Lo mejor que puede pasarle a un agorero es toparse con un igual. Alguien con quien compartir males y desdichas con total libertad, hablar sobre dolencias propias y ajenas y, a su manera, ser felices. Lo peor que puede pasarle a un optimista es coincidir con un agorero y dejarse engullir por su visión de un mundo en el que todo y todos son malos malísimos. Ahora, que las farmacias se han convertido en lugares igual de concurridos que las charcuterías, escucho la conversación entre una embarazada primeriza y una aguafiestas experimentada. La primera, ilusionada y a la expectativa de lo que está a punto de vivir. La segunda, en guardia para contarle todo tipo de malas noticias. Desde la amiga que tuvo un parto tremendo y eterno, hasta la prima que sufrió una depresión de la que todavía no ha salido, pasando por una descripción detallada de varias historias para no dormir sobre cordones umbilicales y bebés que venían colocados de nalgas. Ver todas las temporadas de Anatomía de Grey y House no equivale a una licenciatura en Medicina, por mucho que algunos quieran. Los agoreros, cuanto más lejos, mejor.

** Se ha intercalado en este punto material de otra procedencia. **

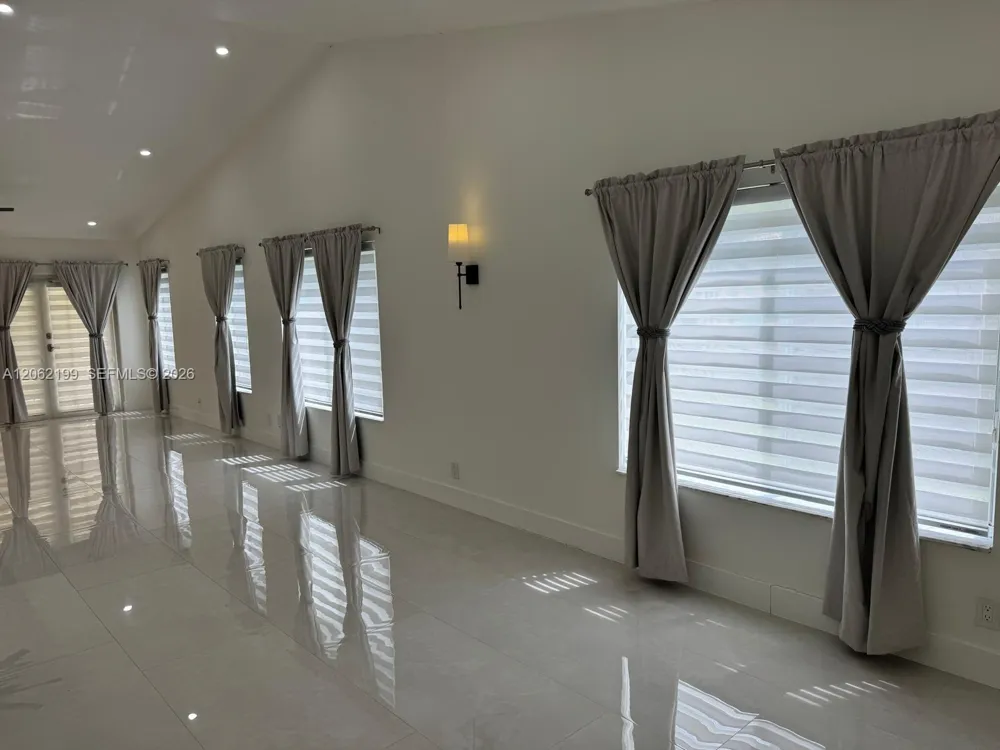 1133 Alexander Bnd Weston, FL 33327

Algo parecido sucede con los morbosos. Es saludable mantener las distancias con quienes no respetan el dolor ajeno y disfrutan destripando y escarbando en él. Truculentos que anhelan conocer, explicar y detallar todos y cada uno de los pormenores de los males. Son los que reducen drásticamente la velocidad en las autopistas para escudriñar simples colisiones. Son los que hicieron y publicaron la foto del momento en que mi abuelo reconocía el cuerpo de su hijo en la carretera tras un accidente, los que no pueden evitar sentir placer con los padecimientos de los demás, con los cuernos que Menganita le ha puesto a Fulanito, las enfermedades y desgracias de cualquier hijo de vecino o los que graban con saña a Angela Merkel para que el mundo entero conjeture sobre sus temblores. Todo vale, menos ponerse en la piel del otro. Las personas morbosas no suelen ser ni educadas, ni elegantes, ni interesantes. Los programas de televisión que alimentan el morbo, tampoco. Y, desgraciadamente, haberlos los hay. Demasiados. Y es que el respeto no es divertido y, por supuesto, no vende.

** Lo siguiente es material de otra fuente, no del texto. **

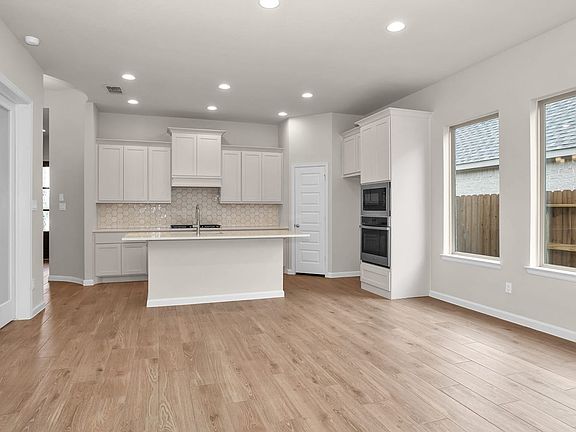 2nd image of 5002 Bowen Prairie Dr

No quiero ver, una y otra vez, las caras desencajadas por el sufrimiento de los familiares de Blanca Fernández Ochoa. Y no las quiero ver porque me abruma inmiscuirme en esa intimidad. Porque no soy quien para ser testigo de las reacciones de quienes acaban de recibir la peor de las noticias y tratan de hacerse a la idea de que han perdido a una familiar querida. No quiero saber el estado del cuerpo de la deportista. Y no porque me dé grima, sino porque basta con ponerse en la piel de sus hijos o hermanos para comprender que hay detalles innecesarios. No quiero escuchar opiniones, ni conjeturas sobre determinados estados emocionales. Basta que sean emitidas en un medio de comunicación para que se conviertan en juicios que la audiencia acaba haciendo suyos. La falta de empatía, las maneras abruptas o la ignorancia llegan a normalizarse. Y, poco a poco, alimentamos a una bestia a quien solo le interesan las anécdotas, lo escabroso y el sufrimiento, aunque vistos desde la distancia. No vaya a ser que le salpique la sangre.